### EXERCISE DIRECTIONS:
Using the string "avec" as the key, pull each matching line out of the records below.

### RECORDS FOR THIS TASK:
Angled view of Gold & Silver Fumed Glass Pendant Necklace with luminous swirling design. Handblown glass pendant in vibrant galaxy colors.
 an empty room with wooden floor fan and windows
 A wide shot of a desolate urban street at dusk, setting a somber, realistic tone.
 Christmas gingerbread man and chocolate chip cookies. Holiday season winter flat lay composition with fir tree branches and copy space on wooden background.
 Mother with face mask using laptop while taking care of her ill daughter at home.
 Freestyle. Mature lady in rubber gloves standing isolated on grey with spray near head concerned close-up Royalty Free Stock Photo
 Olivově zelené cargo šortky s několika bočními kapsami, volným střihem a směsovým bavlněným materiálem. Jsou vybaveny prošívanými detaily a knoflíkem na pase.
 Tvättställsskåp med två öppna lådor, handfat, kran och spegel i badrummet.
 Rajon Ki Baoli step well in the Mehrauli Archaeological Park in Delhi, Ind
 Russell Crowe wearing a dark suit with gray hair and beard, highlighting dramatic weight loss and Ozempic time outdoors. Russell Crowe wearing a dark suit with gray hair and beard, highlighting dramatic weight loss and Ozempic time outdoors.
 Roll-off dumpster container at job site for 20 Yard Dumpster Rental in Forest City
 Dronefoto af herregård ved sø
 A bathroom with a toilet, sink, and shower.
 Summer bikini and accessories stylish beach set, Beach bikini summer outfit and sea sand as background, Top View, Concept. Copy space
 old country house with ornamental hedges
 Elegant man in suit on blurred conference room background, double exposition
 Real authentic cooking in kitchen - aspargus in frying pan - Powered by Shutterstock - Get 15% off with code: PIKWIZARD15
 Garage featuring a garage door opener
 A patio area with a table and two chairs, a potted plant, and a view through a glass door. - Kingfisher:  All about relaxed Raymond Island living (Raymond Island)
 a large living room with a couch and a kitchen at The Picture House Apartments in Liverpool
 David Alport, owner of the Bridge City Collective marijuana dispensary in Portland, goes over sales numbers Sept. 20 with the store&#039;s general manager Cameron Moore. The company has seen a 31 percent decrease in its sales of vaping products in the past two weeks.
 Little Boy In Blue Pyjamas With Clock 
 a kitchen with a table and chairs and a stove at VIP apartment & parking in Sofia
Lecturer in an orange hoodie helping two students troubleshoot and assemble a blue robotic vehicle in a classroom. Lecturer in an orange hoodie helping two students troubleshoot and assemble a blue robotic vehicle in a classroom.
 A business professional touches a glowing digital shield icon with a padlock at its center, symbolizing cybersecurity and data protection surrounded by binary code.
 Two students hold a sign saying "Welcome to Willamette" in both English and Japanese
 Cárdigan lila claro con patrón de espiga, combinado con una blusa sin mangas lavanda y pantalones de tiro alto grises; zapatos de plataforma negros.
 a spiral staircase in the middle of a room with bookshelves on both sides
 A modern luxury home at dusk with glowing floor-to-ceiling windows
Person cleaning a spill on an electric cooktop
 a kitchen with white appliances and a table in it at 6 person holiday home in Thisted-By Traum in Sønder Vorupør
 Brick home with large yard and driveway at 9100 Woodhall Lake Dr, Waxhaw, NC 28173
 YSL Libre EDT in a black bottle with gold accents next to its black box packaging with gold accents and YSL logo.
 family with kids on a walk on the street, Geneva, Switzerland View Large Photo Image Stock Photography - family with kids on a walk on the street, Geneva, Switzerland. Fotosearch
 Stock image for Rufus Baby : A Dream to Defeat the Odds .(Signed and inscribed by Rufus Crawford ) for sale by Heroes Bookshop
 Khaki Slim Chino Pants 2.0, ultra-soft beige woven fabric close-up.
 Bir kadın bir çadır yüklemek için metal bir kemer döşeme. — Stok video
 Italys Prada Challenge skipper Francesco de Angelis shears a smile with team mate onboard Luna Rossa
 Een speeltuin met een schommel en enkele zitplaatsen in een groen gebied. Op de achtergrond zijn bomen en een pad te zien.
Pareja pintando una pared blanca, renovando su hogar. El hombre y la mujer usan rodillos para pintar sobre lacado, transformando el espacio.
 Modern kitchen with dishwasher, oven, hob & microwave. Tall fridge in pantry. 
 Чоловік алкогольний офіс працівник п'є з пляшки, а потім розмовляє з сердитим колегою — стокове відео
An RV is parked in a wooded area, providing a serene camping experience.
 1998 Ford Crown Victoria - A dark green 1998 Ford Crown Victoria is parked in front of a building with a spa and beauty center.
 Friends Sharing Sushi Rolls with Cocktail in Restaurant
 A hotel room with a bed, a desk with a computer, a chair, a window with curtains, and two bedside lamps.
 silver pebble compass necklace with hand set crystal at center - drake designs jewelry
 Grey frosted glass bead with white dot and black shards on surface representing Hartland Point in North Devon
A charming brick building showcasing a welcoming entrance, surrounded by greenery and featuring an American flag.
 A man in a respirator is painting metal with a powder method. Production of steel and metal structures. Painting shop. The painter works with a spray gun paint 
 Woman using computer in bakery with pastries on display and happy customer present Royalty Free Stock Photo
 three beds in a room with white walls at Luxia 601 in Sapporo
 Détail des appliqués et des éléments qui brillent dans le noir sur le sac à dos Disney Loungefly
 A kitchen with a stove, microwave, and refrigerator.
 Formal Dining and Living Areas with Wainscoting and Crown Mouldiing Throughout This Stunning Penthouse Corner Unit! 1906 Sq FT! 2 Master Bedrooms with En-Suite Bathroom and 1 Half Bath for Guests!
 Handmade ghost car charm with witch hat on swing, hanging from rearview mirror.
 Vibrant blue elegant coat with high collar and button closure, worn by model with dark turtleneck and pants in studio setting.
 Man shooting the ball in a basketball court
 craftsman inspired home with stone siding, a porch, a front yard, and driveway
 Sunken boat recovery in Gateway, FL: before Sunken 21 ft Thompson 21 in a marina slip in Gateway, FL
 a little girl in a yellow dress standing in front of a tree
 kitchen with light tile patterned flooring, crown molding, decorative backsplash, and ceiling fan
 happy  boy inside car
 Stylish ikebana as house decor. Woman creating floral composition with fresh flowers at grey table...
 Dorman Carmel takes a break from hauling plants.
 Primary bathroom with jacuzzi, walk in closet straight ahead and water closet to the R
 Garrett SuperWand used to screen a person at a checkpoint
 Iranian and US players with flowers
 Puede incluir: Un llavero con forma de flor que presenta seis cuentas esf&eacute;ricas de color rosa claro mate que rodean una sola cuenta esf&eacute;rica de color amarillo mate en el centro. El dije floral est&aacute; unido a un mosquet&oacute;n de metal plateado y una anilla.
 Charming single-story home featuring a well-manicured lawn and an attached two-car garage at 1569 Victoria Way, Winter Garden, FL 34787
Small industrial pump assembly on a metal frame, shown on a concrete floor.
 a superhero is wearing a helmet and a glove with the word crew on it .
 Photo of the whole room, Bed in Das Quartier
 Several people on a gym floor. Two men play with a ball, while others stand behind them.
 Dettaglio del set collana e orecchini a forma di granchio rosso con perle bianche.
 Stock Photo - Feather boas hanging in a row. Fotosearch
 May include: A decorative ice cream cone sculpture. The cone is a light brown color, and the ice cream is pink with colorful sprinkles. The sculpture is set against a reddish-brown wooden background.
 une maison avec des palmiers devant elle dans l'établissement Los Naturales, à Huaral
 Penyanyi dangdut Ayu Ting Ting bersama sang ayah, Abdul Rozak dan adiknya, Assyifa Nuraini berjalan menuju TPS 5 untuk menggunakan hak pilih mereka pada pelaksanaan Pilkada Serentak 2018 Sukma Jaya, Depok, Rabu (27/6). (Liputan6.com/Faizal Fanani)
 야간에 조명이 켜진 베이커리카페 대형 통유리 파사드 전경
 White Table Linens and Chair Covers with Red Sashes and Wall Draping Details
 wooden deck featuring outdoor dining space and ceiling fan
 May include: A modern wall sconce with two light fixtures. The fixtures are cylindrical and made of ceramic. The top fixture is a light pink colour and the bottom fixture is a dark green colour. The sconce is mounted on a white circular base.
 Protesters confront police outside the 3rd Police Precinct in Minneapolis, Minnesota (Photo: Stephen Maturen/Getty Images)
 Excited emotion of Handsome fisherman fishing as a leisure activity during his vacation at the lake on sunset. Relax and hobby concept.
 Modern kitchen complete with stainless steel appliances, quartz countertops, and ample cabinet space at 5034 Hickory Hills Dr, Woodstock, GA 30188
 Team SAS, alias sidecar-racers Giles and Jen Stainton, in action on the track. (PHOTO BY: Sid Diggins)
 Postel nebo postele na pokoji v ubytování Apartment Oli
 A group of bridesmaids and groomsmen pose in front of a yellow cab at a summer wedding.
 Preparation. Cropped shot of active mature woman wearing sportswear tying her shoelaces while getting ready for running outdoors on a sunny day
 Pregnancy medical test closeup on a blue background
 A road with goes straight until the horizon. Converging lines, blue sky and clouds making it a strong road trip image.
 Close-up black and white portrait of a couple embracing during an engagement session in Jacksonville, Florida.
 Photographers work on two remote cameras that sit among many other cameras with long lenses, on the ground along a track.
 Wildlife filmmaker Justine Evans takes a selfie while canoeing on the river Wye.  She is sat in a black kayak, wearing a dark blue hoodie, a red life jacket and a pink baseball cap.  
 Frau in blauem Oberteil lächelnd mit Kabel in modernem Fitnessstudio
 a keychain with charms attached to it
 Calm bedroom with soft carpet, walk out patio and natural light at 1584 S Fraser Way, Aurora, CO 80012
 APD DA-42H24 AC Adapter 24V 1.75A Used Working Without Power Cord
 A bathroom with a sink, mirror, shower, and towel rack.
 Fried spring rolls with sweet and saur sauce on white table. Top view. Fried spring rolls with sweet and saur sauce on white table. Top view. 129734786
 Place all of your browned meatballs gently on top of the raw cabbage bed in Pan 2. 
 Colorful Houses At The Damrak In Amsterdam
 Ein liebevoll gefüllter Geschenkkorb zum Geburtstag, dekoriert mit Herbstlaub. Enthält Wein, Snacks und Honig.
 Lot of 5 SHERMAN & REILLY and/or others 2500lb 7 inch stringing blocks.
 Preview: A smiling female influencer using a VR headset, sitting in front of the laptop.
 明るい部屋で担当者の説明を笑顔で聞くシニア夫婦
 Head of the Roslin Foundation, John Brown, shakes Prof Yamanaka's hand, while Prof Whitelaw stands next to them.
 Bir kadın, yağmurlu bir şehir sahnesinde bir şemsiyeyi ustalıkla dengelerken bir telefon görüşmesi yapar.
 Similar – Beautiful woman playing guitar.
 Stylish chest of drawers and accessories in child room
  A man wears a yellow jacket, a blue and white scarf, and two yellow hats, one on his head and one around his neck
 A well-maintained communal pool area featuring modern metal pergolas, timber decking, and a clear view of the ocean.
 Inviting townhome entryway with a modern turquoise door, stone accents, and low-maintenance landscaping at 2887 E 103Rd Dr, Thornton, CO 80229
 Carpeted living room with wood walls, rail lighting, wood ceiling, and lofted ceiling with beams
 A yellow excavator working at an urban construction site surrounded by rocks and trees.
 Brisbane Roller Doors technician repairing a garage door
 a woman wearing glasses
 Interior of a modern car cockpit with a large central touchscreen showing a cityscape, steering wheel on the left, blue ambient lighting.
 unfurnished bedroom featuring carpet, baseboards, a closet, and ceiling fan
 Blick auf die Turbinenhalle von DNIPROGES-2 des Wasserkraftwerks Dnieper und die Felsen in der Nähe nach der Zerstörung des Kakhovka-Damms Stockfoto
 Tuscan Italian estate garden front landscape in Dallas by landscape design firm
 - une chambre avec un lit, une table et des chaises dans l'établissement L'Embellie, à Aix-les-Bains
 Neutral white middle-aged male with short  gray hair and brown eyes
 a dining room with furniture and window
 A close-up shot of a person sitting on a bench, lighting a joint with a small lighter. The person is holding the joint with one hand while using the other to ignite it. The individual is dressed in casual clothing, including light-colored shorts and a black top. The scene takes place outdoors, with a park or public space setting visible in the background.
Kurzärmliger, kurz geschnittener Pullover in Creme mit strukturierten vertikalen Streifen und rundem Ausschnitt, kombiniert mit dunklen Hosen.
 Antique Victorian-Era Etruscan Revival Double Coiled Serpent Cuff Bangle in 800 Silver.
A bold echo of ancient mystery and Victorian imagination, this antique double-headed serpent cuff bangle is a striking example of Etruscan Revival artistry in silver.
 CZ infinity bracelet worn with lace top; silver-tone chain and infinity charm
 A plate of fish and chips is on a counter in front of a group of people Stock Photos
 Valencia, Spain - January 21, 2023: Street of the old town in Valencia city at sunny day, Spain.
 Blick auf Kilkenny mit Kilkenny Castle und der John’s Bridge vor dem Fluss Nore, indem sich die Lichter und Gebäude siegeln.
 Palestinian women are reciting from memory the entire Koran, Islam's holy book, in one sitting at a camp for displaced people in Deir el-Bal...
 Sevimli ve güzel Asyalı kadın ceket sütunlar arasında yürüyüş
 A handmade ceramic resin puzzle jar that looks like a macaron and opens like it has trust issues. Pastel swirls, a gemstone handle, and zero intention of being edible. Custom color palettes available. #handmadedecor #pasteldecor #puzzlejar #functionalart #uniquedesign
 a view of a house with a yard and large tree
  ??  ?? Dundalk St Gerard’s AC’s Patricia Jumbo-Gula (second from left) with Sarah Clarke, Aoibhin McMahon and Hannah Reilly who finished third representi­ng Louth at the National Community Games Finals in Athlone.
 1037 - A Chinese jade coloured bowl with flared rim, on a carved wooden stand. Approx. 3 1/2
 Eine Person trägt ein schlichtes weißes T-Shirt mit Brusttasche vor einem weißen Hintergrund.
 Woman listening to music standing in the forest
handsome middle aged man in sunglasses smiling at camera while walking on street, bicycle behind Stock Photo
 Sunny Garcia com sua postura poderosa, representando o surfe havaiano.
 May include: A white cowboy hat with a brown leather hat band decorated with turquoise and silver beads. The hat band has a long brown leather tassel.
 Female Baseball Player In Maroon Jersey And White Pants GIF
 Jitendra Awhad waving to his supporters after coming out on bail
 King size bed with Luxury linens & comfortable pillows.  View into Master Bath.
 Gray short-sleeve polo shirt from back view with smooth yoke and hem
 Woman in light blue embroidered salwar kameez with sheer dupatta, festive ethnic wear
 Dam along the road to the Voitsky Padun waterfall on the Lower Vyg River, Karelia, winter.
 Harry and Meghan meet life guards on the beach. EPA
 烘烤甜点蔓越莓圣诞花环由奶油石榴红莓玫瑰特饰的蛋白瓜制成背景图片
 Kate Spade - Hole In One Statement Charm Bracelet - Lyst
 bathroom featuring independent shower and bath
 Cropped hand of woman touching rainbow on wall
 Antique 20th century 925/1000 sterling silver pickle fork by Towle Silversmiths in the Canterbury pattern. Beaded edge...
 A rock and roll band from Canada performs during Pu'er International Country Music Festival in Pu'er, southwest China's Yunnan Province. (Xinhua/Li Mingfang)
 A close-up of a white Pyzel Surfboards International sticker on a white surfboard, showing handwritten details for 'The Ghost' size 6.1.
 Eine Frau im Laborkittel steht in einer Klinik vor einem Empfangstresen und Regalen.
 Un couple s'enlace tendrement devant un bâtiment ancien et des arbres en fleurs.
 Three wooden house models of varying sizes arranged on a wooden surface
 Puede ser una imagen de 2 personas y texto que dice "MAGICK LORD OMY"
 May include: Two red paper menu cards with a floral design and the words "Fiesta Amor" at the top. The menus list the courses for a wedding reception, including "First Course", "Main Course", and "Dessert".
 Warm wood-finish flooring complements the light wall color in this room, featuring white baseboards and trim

### RESPONSE:
 une maison avec des palmiers devant elle dans l'établissement Los Naturales, à Huaral
 - une chambre avec un lit, une table et des chaises dans l'établissement L'Embellie, à Aix-les-Bains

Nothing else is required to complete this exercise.